GUNBOAT HELENA BROUGHT
TO LIFE BY OLDTIMERS
April 27, 1955
(Extract from page 6 of The Lookout. Helena's Newspaper.)
Three crew members of the heavy cruiser HELENA'S two predecessors were wardroom guests early this month.
Representing the gunboat---HELENA---were Mr. J. B. Nealon, USMC (ret.) and Mr. C. Kortright, an ex-fireman. Capt. L. J. Baird, Commander Destroyer Division 192, told of the light cruiser HELENA.
The get-together April 7 was promoted by Mr. Nealon's desire to give to the ship a water color painting of the gunboat old Chipping Hammer as it was called.
The 73-year-old former gunnery sergeant served on the HELENA foe several months back in 1904.
I was one of 16 Marines, he said. Our duties were varied, and we even passed coal.
She was known as the chipping hammer, he remarked. Her flat bottom and single stack gave her that appearance.
The gunboat was not known for her seaworthiness, either. Rolls of 40 degrees were not uncommon. A sister ship, the Wilmington, logged a roll of 61 degrees.

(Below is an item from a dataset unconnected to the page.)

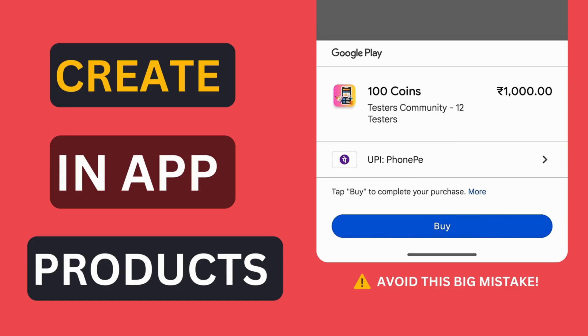Hello guys, this is Karthik here from testers community. In this video, I'll show you how to create your first in-app product step by step. Plus, I'll also reveal one of the most common mistakes developers make, a mistake that could cost you a lot of money.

A Marine at 15 and 1906 Middleweight Champion of the Army-Navy-Marines, Mr Nealon put his training to good use in civilian life, spending 30 years with the William Randolph Hearst newspapers as a bodyguard for Hearst. He is now in retirement at Baldwin Park, California.
Mr. Kortright served on the gunboat during WWI as a fireman.
The gunboat spent WWI in the Philippines and its major action was participation with the Wilmington in the seizure of two Dutch ships carrying German cargo at the entrance of Manila Bay, across from Corregidor,
Leaving the Navy in 1920, Mr. Kortright is now assistant chief engineer with Alhambra.
I put the second HELENA in and out of commission, remarked Capt. Baird. He was a LTJG on board when she was commissioned in Brooklyn in July 1943. He served on board continuously until she was sunk in the Battle of Kula Gulf, July 7, 1943, after 13 major engagements with the Japanese fleet.
We didn't claim everything under the sun like some ships. . . but she did her bit.
Air defense officer in the final period, Capt. Baird said it appeared that her secondary battery fired at more ships than planes.
Capt. Baird commented that there are---about 700 former HELENA crew members who jealously guard the name of this ship.